3 En fait, c’est l’ensemble du monde artistique qui témoigne de cette véritable explosion de la culture acadienne, tant dans la peinture, la chanson, la danse et la littérature que le théâtre.

4 Cette troupe devient le Théâtre Amateur de Moncton (TAM) en 1969, puis prend le nom de Théâtre Laurie Henri en 1981, suite au décès de son fondateur.

5 Notons que les paroissiens de Saint-Joachim jouent un rôle de premier plan dans le développement du théâtre français de leur ville : Ulric Blain, Émile Tessier et surtout, Alphonse Hervieux en sont les âmes dirigeantes pendant plusieurs années.

6 Citons Le Théâtre de Quat’Sous (1955), Les Apprentis-Sorciers (1956-1968), l’Estoc (1957-1967), l’Égrégore (1959-1968), Les Saltimbanques (1962-1968), le Théâtre international de Montréal (1958-1982) et le Théâtre d'Aujourd'hui (1968).

7 De retour de Paris, et marqué par le théâtre de Beckett et Ionesco, Jacques Languirand est l’un des premiers auteurs d’ici à faire appel à l’absurde dans ses pièces dès les années 1950. Les Insolites, par exemple, sera créé en 1956 au Théâtre Anjou (alors dirigé par Paul Hébert) et repris à Québec par l’Estoc en 1959.

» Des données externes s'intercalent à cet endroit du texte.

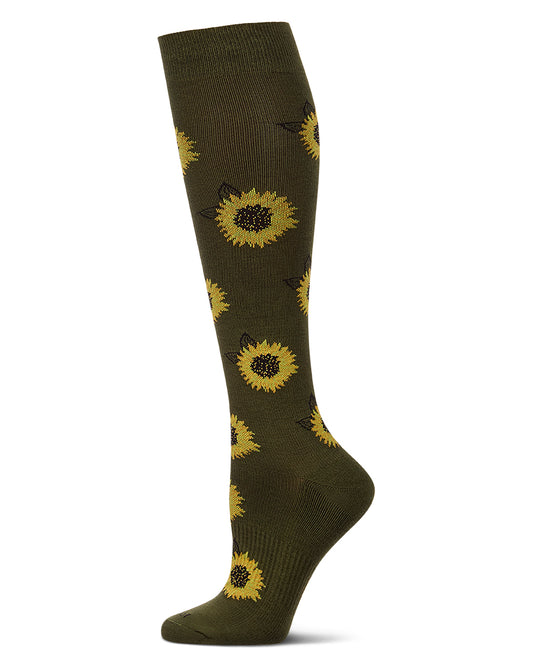 Women's "Sunflower" Rayon-Blend Knee High Compression Sock (8-15 mmHg)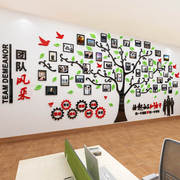 3d立体墙贴画公司办公室员工风采照片亚克力励志标语大型背景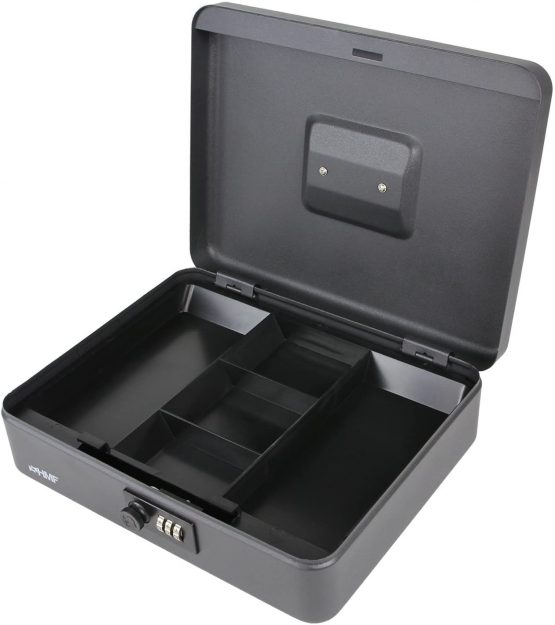 HMF 10017-02 Cash Box Combination Lock, 30 x 24 x 9 cm, black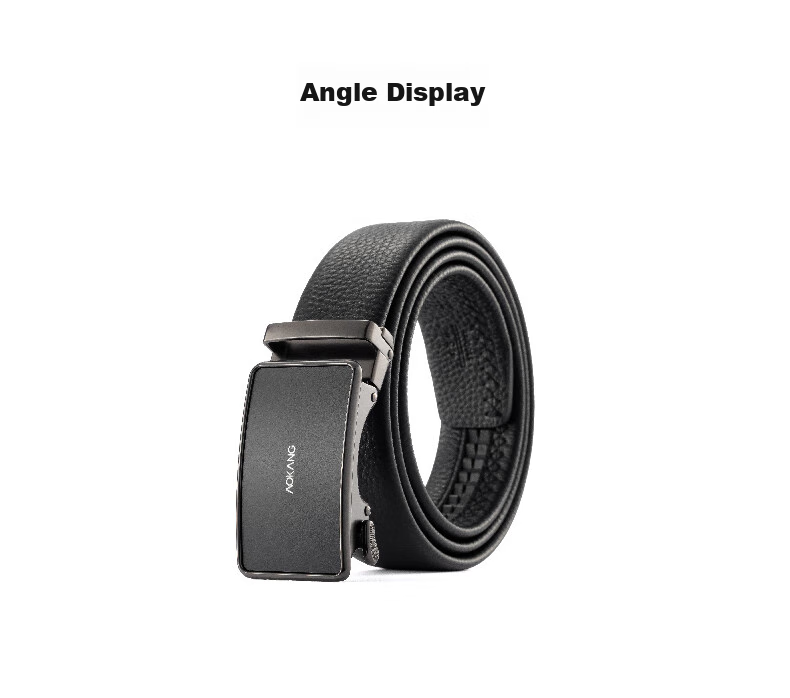 Aokang Men's Automatic Buckle Belt, Top-Grain Leather, Business Trouser Belt, Birthday Gift for Husband 9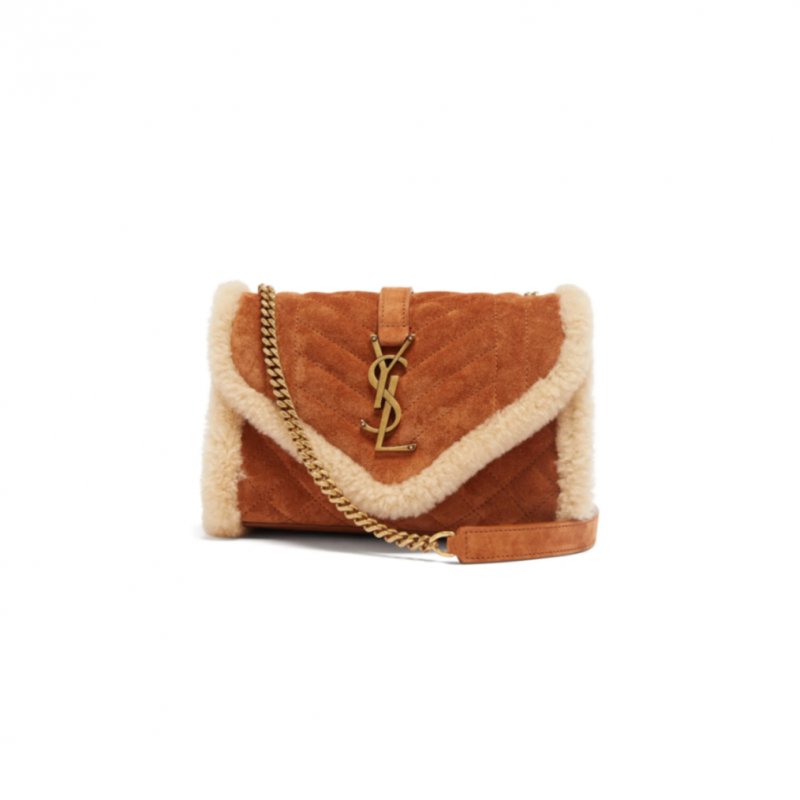 (image for) YSL ENVELOPE SMALL SHEARLING-SUEDE SHOULDER BAG 526286241562 (21*13*6cm)
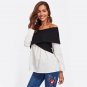 Patchwork Two Tone Cross Wrap Bardot Slim Blouse 2017 Women Color Block Off The Shoulder Tops Long S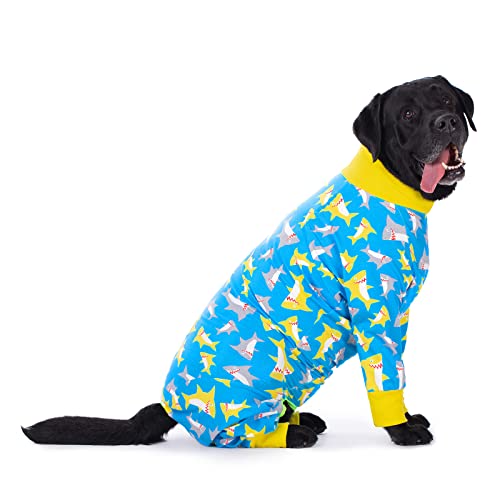 Hunde-Schlafanzug für mittelgroße und große Hunde, leichter Hunde-Pyjama, Kleidung, Einteiler, Shirt für große Hunde nach Operationen,Rückenlänge 71 cm), blauer Dinosaurier) von Miaododo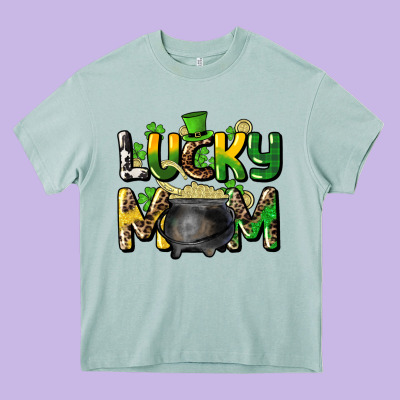 Lucky Mom St. Patrick's Heavy Core Tee Designed By Howdyjamesfarm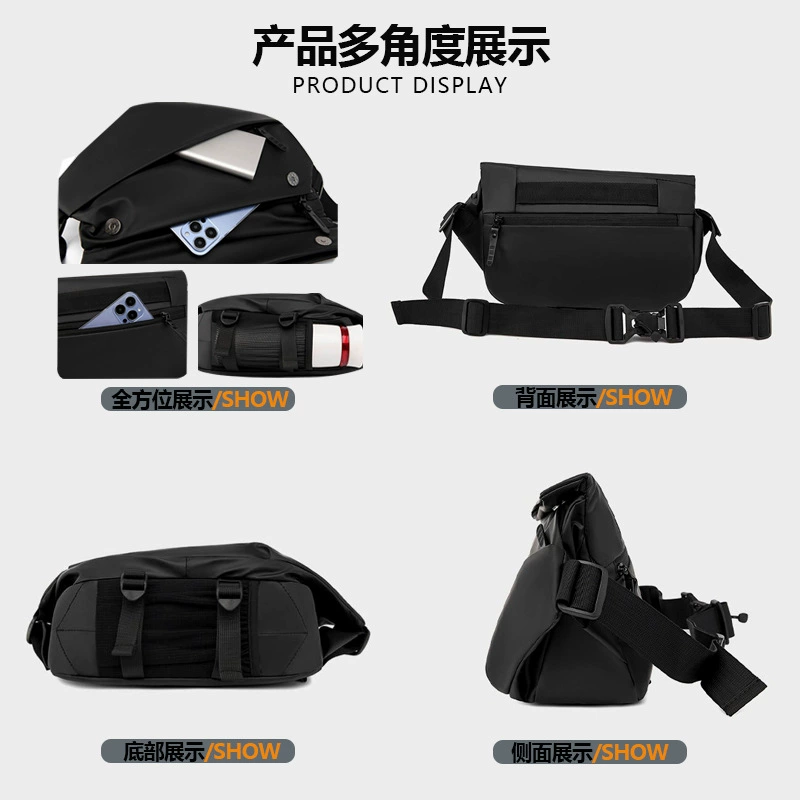 Ёмкая сумка через плечо для плеча, chest bag, ремень сумки на полусезон, мужской рюкзак, сумка для путешествий на велосипеде, belt bag, мужской стиль
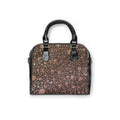 Bubble Texture Shoulder Handbag — Brown Polka Dot Patterned Purse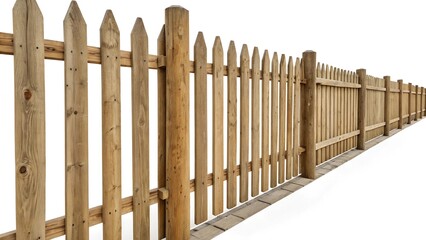Fototapeta premium wooden fence isolated on white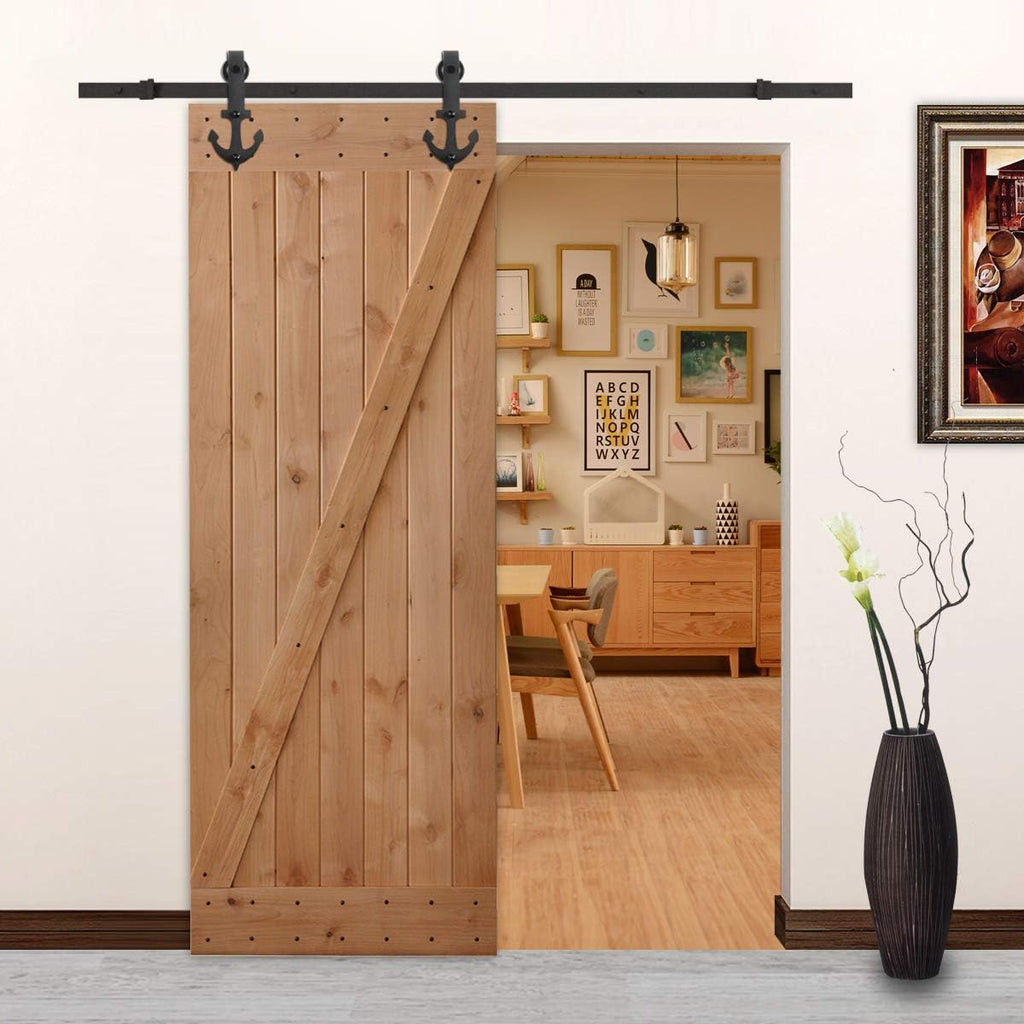 Rustic Knotty Alder Solid Wood Barn Door Slab G29973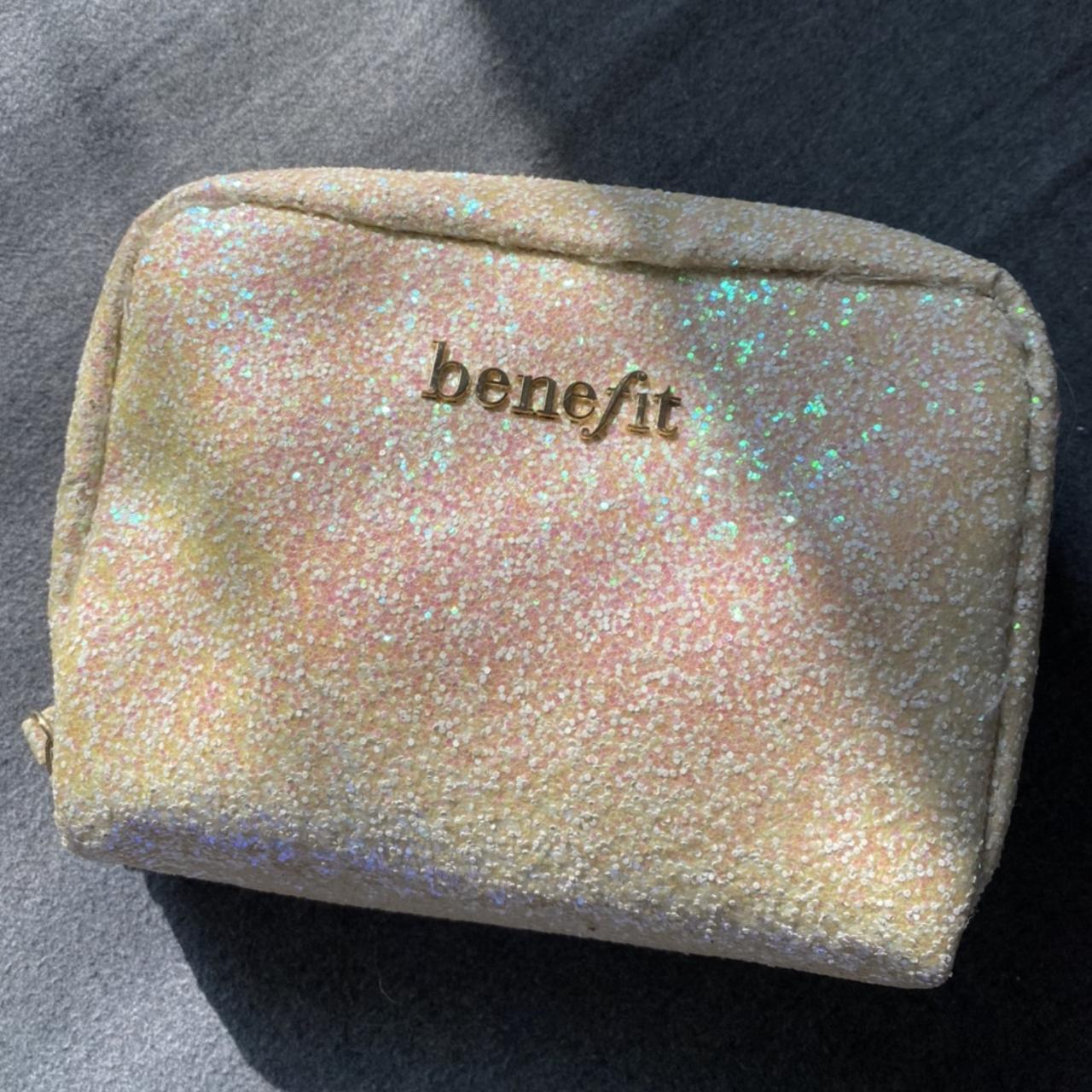 BENEFIT white glitter makeup bag beauty Depop
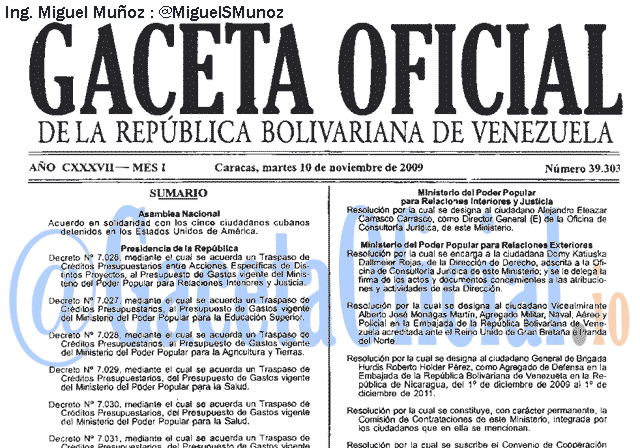 Gaceta Oficial 39303 del 10 Noviembre 2009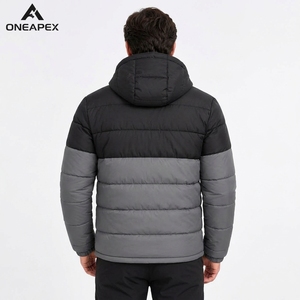 Veste matelassée à capuche pour homme, noire et grise, chaude, imperméable, légère, pour l'hiver et les activités de plein air, One Apex - Product Image 2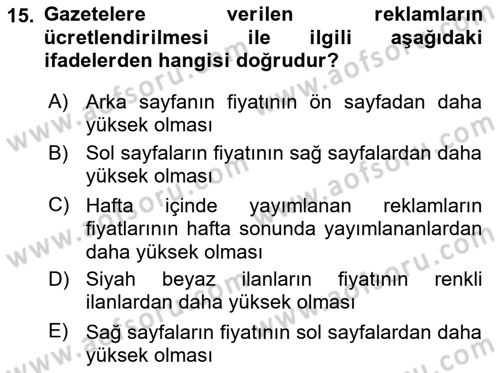 Medya Ekonomisi ve İşletmeciliği Dersi 2023 - 2024 Yılı (Vize) Ara Sınav Soruları 15. Soru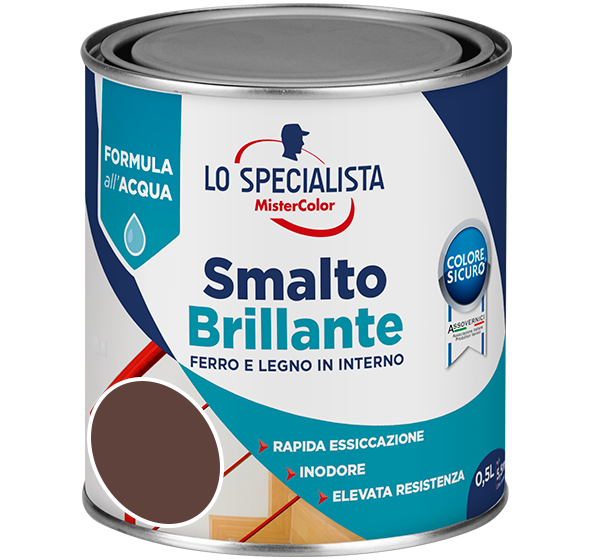 smalto brillante all'acqua marrone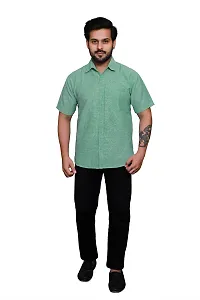 RAI's Men's Regular Fit Half Sleeves Plain Khadi Cotton Shirt (40, Light Green)-thumb4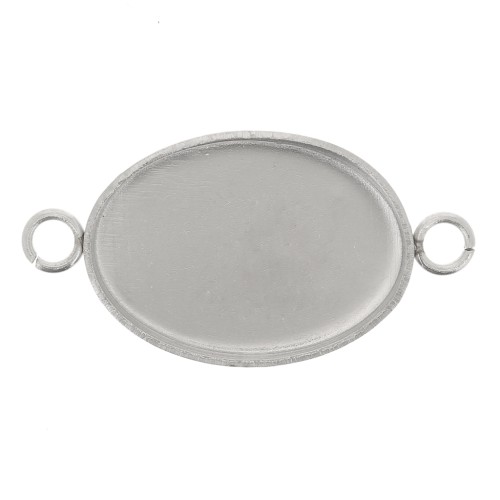 Distanziatore castone per cabochon a fondo piatto 14x10 mm - acciaio inox304 x1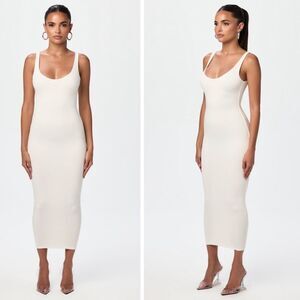 Naked Wardrobe White Stretch Ribbed Midi Dress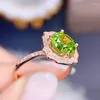 Anelli a grappolo Fiore rotondo Grande anello Naturale Vero verde Peridoto Argento sterling 925 9 9mm 3,5 ct Pietra preziosa Gioielleria raffinata J22781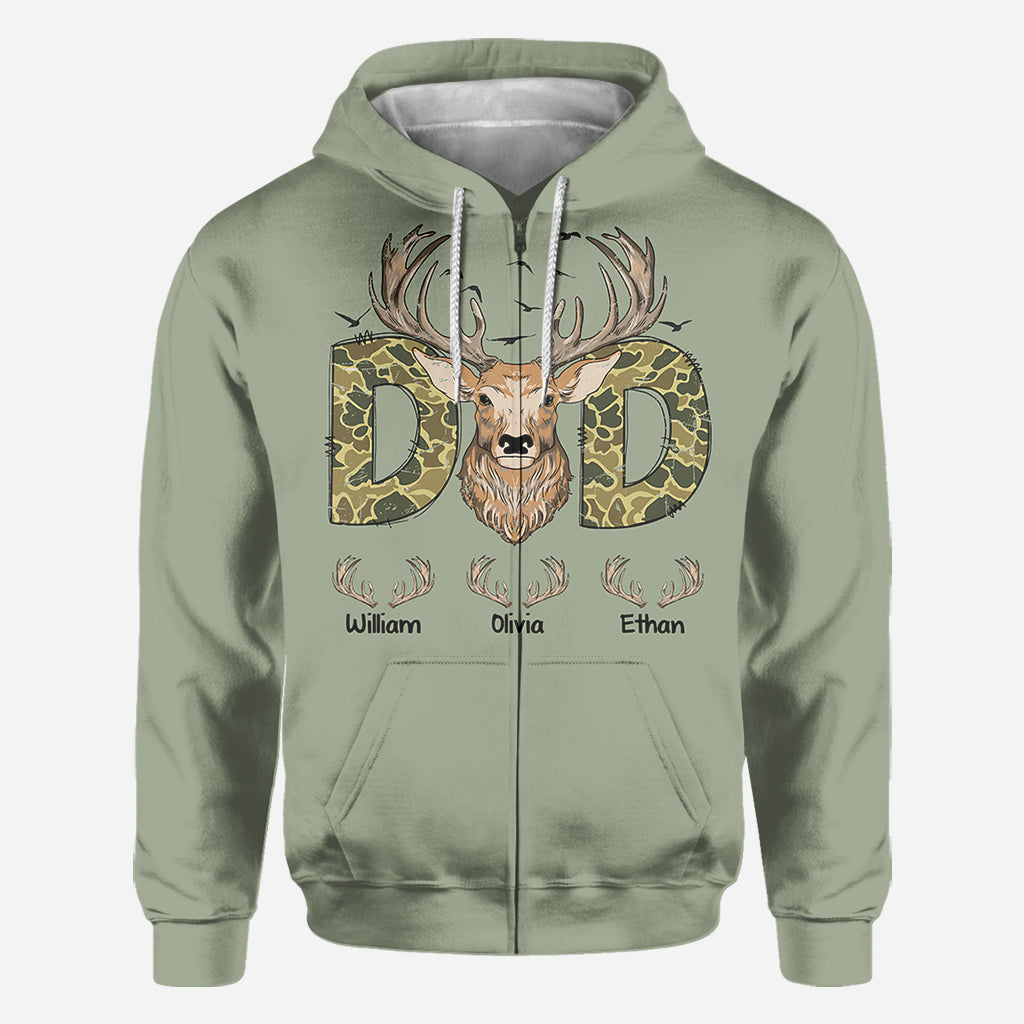 Best Dad Ever - Personalized Hunting All Over Shirt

8 Loranger et Dubé écrivent pour la télévision dès l'arrivée de ce médium au début des années 1950. Loranger est l’auteure de plusieurs téléthéâtres, dont Sous le signe du lion, diffusé en 1961 et repris en 1962. Après quelques pièces de facture plutôt classique, elle se tournera vers une écriture plus engagée et revendicatrice.

9 Plusieurs comédiens et artistes très connus feront leurs premiers pas dans ce théâtre en plein air, dont Robert Gravel, Jean-Louis Millette, Marcel Sabourin, Gilles Latulippe, Gabriel Arcand, Yvon Deschamps, Clémence Desrochers, etc.

10 Bien que quelques feuilletons radiophoniques ou télévisuels aient commencé à donner la parole à des personnages au langage coloré (notamment Les Belles Histoires des Pays-d'en-Haut) dans les années 1950, c’est dans le dernier tiers du XXe siècle que la langue du peuple affirme plus résolument sa place sur scène et en ondes, devenant une sorte de symbole d’affirmation nationale.

11 Les Belles-Sœurs, écrite en 1965, sera montée pour la première fois en 1968.

12 Dans un Québec alors en pleine transformation, les valeurs traditionnelles qui définissaient l’identité québécoise, toutes encadrées par la religion, sont remises en question et la langue devient « le ciment de la nation ». Les dramaturges se retrouvent donc sur la ligne de front. Ces débats s’incarnent d’abord dans Les Insolences du Frère Untel (1960), pseudonyme du frère mariste Jean-Paul Desbiens (1927-2006), un essai percutant qui est associé au début de la Révolution tranquille au Québec.